El autor con su hijo en dos instantáneas.
El autor con su hijo en dos instantáneas.

Este concepto lo leí hace años en la obra A través del espejo y lo que Alicia encontró allí, de Lewis Carroll –el mismo autor de Alicia en el país de las maravillas–. En la obra, el personaje de la Reina Roja comenta lo siguiente: “Para quedarte donde estás tienes que correr lo más rápido que puedas. Si quieres ir a otro sitio, deberás correr, por lo menos, dos veces más rápido”. De ahí surgió la hipótesis del mismo nombre, que describe la necesaria adaptación continua de las especies sólo para mantener el statu quo con su entorno. Es decir, cada vez correr más, trabajar más, viajar más, escribir más… para permanecer en el mismo sitio, sin crecer, sin estar mejor. Agotador.

Desde que no viajo debido al coronavirus, he recuperado el placer de escribir reposadamente, de practicar el slow journalism (periodismo reposado, de calidad), he vuelto a leer sin prisas… y sobre todo he vuelto a encontrar tiempo para pensar. A llevar una vida contemplativa en el mejor sentido de la palabra. 

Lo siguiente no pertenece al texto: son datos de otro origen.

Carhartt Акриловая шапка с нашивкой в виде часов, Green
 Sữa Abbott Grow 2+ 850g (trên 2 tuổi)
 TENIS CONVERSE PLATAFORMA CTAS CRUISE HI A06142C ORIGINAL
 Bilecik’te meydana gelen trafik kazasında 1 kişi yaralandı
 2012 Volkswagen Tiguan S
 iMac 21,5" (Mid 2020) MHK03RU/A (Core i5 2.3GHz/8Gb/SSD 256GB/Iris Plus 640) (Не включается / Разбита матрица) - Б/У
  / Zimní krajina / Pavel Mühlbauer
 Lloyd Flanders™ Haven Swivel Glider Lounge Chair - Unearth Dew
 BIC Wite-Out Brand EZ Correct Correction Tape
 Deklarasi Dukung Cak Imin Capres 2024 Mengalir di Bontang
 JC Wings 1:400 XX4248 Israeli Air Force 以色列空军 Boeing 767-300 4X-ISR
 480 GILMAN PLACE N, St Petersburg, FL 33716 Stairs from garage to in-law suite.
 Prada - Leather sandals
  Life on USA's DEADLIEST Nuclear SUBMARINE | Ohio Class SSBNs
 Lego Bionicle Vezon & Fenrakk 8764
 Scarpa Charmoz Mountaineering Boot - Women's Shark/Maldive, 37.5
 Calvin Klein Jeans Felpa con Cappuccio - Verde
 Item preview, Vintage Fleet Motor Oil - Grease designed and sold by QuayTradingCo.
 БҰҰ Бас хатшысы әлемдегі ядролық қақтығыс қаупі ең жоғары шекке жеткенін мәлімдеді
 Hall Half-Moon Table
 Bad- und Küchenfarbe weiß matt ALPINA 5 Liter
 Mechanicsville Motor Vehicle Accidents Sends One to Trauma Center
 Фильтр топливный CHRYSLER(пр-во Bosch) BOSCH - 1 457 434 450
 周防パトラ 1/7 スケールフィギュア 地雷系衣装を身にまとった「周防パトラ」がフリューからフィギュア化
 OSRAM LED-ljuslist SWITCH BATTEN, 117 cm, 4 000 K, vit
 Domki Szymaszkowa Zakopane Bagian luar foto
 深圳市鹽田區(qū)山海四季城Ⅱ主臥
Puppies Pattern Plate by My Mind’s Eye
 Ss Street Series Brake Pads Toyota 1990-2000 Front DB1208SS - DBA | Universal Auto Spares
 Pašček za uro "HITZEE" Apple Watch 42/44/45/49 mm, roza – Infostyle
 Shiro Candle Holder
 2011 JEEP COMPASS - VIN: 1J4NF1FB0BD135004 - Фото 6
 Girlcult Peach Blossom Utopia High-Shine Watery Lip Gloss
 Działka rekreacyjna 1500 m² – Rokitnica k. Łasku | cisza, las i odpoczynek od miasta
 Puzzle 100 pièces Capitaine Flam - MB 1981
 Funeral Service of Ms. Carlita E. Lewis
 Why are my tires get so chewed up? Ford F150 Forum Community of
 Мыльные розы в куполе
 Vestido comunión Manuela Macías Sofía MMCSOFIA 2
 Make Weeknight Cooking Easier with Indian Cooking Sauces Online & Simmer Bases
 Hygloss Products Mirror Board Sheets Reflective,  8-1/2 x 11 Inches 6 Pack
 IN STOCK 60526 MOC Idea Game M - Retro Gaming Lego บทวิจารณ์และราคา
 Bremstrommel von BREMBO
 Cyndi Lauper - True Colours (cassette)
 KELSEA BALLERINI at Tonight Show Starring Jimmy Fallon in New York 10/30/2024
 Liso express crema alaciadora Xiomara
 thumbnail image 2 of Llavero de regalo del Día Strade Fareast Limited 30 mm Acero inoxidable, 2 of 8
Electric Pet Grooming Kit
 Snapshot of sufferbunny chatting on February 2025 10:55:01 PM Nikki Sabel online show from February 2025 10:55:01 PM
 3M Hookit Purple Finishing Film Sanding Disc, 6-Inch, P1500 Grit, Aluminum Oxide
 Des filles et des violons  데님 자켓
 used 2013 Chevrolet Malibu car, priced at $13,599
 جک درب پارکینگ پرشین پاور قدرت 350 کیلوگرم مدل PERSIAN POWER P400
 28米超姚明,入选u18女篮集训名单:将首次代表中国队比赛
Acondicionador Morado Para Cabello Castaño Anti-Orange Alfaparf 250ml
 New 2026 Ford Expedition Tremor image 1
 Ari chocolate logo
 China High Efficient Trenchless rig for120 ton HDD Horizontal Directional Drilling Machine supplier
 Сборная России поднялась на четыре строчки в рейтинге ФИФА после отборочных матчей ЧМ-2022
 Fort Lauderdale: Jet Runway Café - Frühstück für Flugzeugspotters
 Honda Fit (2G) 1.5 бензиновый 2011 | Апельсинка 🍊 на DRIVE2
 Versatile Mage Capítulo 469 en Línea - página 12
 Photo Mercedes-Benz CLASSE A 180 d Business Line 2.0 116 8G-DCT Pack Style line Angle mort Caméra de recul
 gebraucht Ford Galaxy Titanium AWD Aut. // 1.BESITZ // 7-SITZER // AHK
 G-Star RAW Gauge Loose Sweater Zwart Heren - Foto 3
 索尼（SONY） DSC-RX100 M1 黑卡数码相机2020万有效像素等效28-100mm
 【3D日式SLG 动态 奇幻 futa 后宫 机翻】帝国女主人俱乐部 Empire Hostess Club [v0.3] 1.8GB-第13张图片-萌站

Efectos del confinamiento: Newton concibió la ley de la gravedad

He podido pensar con tranquilidad. Y eso se agradece. Al parecer, el gran Isaac Newton concibió la ley de la gravedad cuando, por culpa de la peste bubónica, tuvo que estar recluido en su casa. Yo no tengo esa mente tan brillante para concebir la fórmula de la Coca-Cola, pero recordando una película de las que me chiflan, El día de mañana (The Day After Tomorrow) he llegado a la conclusión de que, más allá de tratarse de un plan oculto de las farmacéuticas, una conspiración de los chinos, la última de Trump o todos esos bulos que van circulando por las redes sociales –y que son más dañinos que el propio coronavirus–, quizá esta pandemia haya podido surgir de forma orgánica.

Cartel de la película 'El día de mañana'. Copyright: 20th Century Fox
Cartel de la película 'El día de mañana'. Copyright: 20th Century Fox

Quizá la Naturaleza y la Madre Tierra, ante las atrocidades que el ser humano está cometiendo en el medio ambiente, haya decidido defenderse y darnos un toque de atención a los humanos de que no podemos seguir por este camino, por esta senda desenfrenada de un crecimiento económico a costa de todo y de todos.

Una oportunidad para resetear

Puede ser que la Madre Tierra nos haya enviado el coronavirus para que reseteemos y reflexionemos acerca de nuestra conducta y nuestros hábitos en relación a la naturaleza y al medio ambiente. Yo me planteo en estos días si es sostenible este consumismo desbocado... que luego conlleva toneladas de residuos, muchas de ellas terminando en los océanos. ¿Tiene sentido renovar vestuario cada dos por tres con lo que poco ecológico que es? ¿Tiene sentido ir en coche a comprar el pan cuando podríamos ir andando o en bici? ¿Es sostenible la superproducción en masa explotando los recursos naturales indiscriminadamente? ¿Hasta cuándo aguantará el entorno unas prácticas empresariales que buscan maximizar los beneficios a toda costa?

Quizá haya visto demasiadas películas –seguramente–, pero no vendría mal aprovechar este parón forzoso para replantearnos nuestra actual forma de vivir como sociedad, así como nuestra propia existencia. ¿No crees?